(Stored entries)
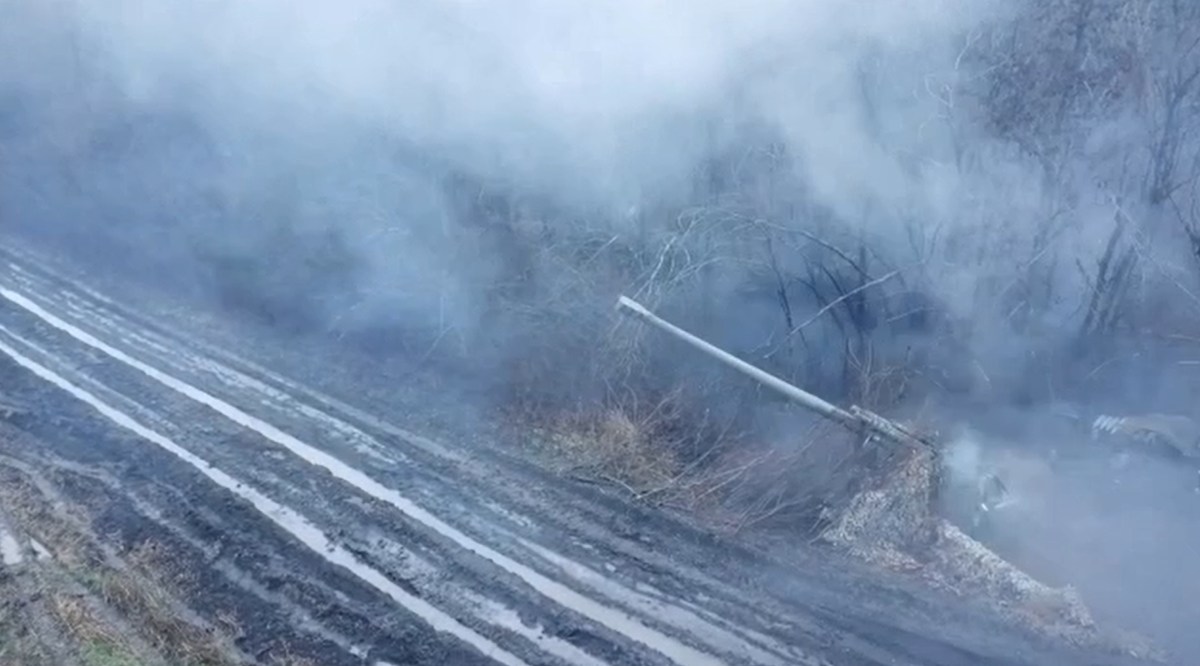 Фото: Скриншот видео Минобороны РФ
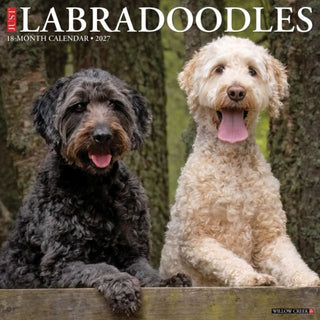 Cover image for 9781549260971 - Labradoodles 2027 Wall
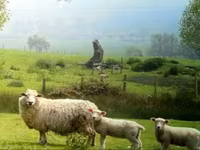 Schaf, Romanov sheep — Foto 8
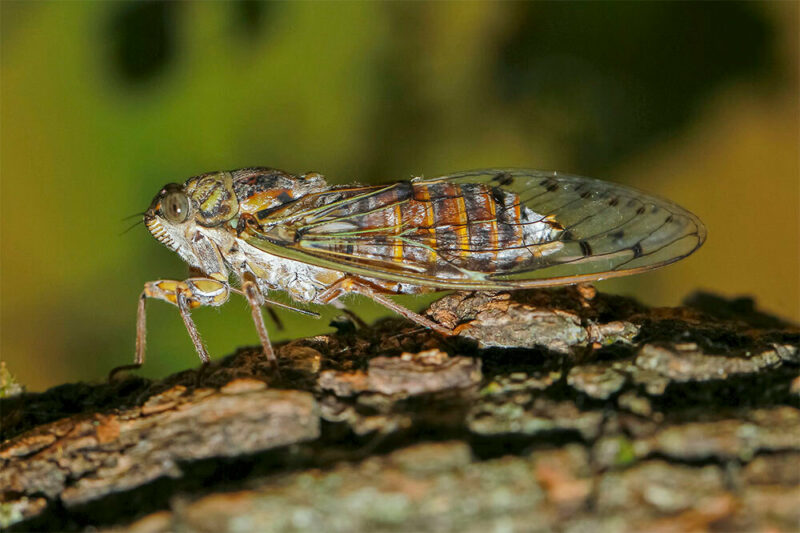 cicada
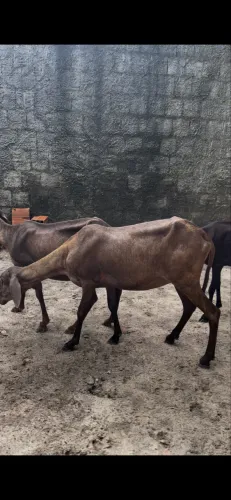 Vendo 4 ovelhas mestiças!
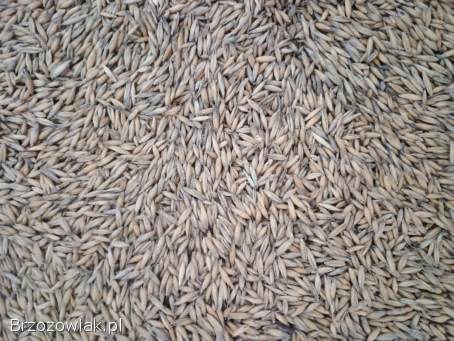 Owies ozimy (zimowy)Flueron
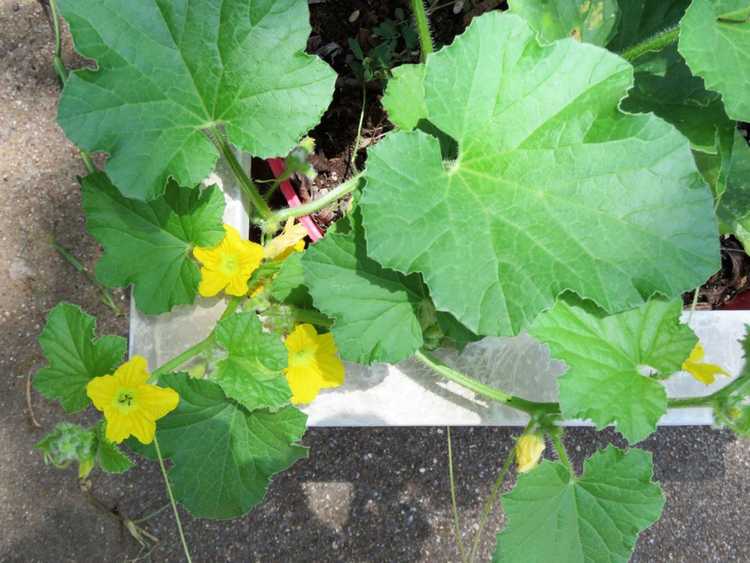 You are currently viewing Cantaloup cultivé en pot : entretien du cantaloup en pots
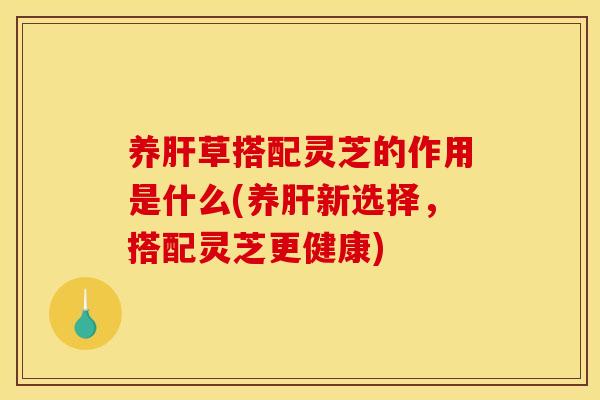 养肝草搭配灵芝的作用是什么(养肝新选择,搭配灵芝更健康)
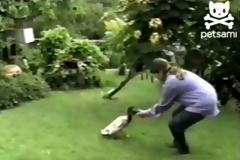 Η πάπια που νομίζει ότι είναι σκύλος! [Video]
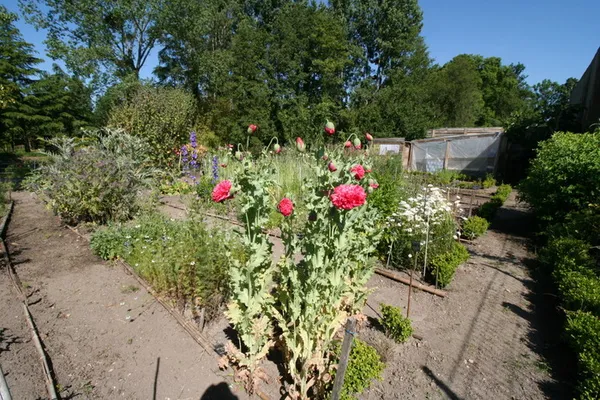 Visite découverte du jardin botanique médiéval
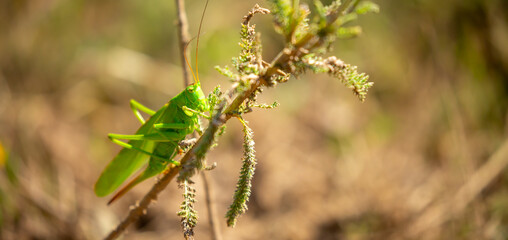 A green grasshopper sits in the grass on a bush. Great marsh grasshopper Stethophyma grossum, an endangered insect typical of wet meadows and marshes.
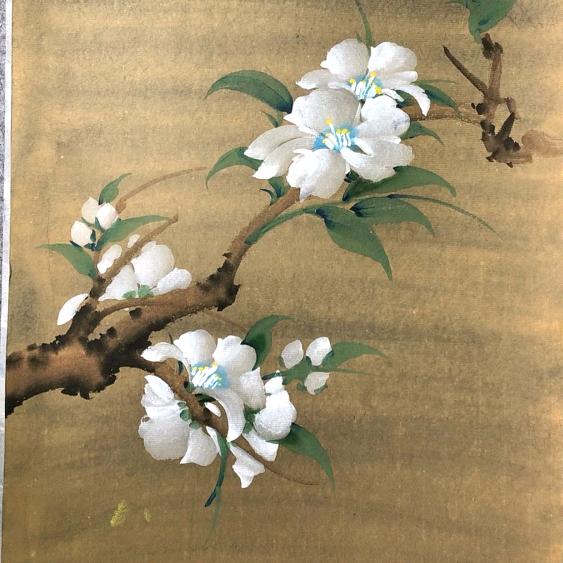 一江玉（新疆娜姐）
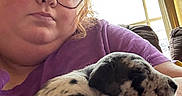 Smoky Grey is registered to the contest to win money with this photo: arm, casual, closeup, comfort, couch, curtains, dog, face, glasses, home, indoor, light, person, pet, puppy, purple_shirt, relaxation, resting, sleeping_dog, window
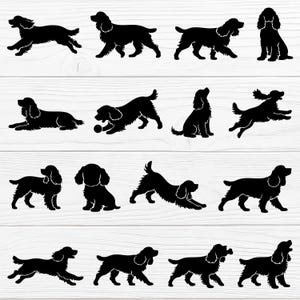 May include: A collection of black silhouette images of Cocker Spaniel dogs in various poses. The dogs are shown running, sitting, and playing, with a focus on their distinctive features.
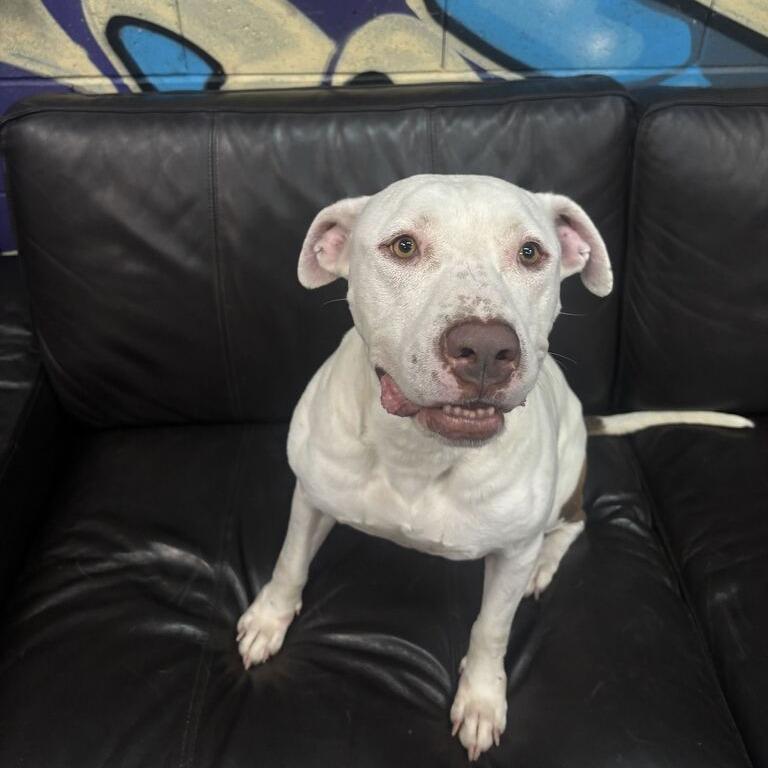Enlarge Tank, a Adoptable Pit Bull Terrier in Turlock, CA image 5/6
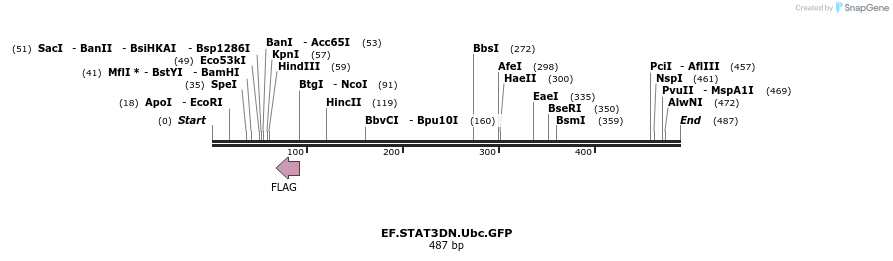 30953_map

== REQUIRED WORK ==
Write out a verbatim copy of the lines from the line that contains "A green grasshopper" through the end of the entries above; pictures are not copied.

== TASK OUTPUT ==
 A green grasshopper sits in the grass on a bush. Great marsh grasshopper Stethophyma grossum, an endangered insect typical of wet meadows and marshes.
 一江玉（新疆娜姐）
 Smoky Grey is registered to the contest to win money with this photo: arm, casual, closeup, comfort, couch, curtains, dog, face, glasses, home, indoor, light, person, pet, puppy, purple_shirt, relaxation, resting, sleeping_dog, window
 May include: A collection of black silhouette images of Cocker Spaniel dogs in various poses. The dogs are shown running, sitting, and playing, with a focus on their distinctive features.
Enlarge Tank, a Adoptable Pit Bull Terrier in Turlock, CA image 5/6
 30953_map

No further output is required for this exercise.